Hadoop Performance Evaluation by Benchmarking and Stress Testing with TeraSort and TestDFSIO
Now a days, Big Data is a hot topic in industrial fields. The importance of Big Data doesn’t revolve around how much data you have, but what you do with it. You can take data from any source and analyze it to find answers that enable 1) cost reductions, 2) time reductions, 3) new product development and optimized offerings, and 4) smart decision making. When you combine big data with high-powered analytics, you can accomplish many business-related tasks.
Hadoop has been developed as a solution to Big Data. It provides reliable, scalable, fault-tolerance and efficient service for large scale data processing based on HDFS and MapReduce. HDFS stands for the Hadoop distributed file system and provides the distributed storage for the system. MapReduce provides the distributed processing for Hadoop.
In this article, we will analyse different stats such as running time, performance, I/O rate, the throughput by running TestDFSIO and TeraSort Benchmark on Hadoop clusters.
The experimental cluster I used consists of 6 nodes. One of them is designed to serve as a master node and the other 5 nodes are designed to be slave nodes or core nodes. The master node manages the cluster and typically runs master components of distributed applications. Core nodes run the Data Node daemon to coordinate data storage as part of the Hadoop Distributed File System (HDFS). I used AWS EMR to create the cluster. The hardware information of each node is as follows:
- 8 vCore
- 15 GiB memory
- 80 SSD GB storage
These configurations are of m3.xlarge instance type.
I ssh-ed into the master node to run the following benchmarks from the command line interface.
TestDFSIO benchmark is a read and write test for HDFS. It is helpful for tasks such as stress testing HDFS, to discover performance bottlenecks in your network, to shake out the hardware, OS and Hadoop setup of your cluster machines (particularly the NameNode and the DataNodes) and to give you a first impression of how fast your cluster is in terms of I/O.

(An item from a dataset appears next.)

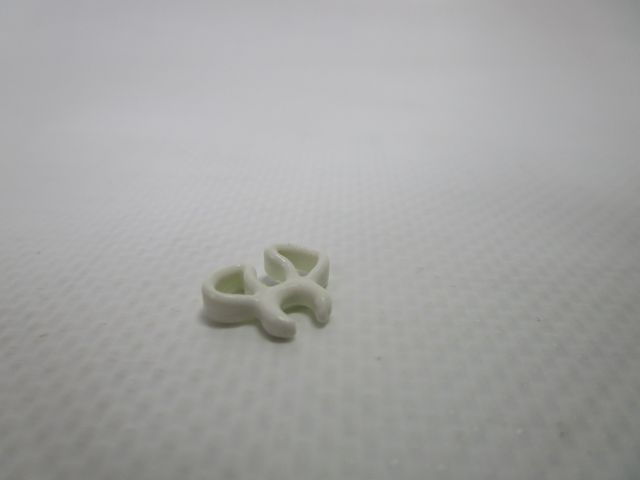 Schleife 1 30211900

TestDFSIO is designed in such a way that it will use 1 map task per file, i.e. it is a 1:1 mapping from files to map tasks. Splits are defined so that each map gets only one filename, which it creates (
-write) or reads (
The command to run a test :
hadoop jar hadoop-*test*.jar TestDFSIO -write|-read -nrFiles <no. of output files> -fileSize <size of one file>
TeraSort Benchmark is used to test both, MapReduce and HDFS by sorting some amount of data as quickly as possible in order to measure the capabilities of distributing and mapreducing files in cluster. This benchmark consists of 3 components:
- TeraGen - generates random data
- TeraSort - does the sorting using MapReduce
- TeraValidate - used to validate the output
To generate random data, the following command is used.
hadoop jar $HADOOP_HOME/hadoop-*examples*.jar teragen <number of 100-byte rows> <input dir>
Suppose you want to generate data of 10 GB, then the number of 100-byte rows will be 10⁷.
Explaination : 10 GB =10⁷ * 100 bytes = 10⁹ bytes
To sort the generated data, the following command is used.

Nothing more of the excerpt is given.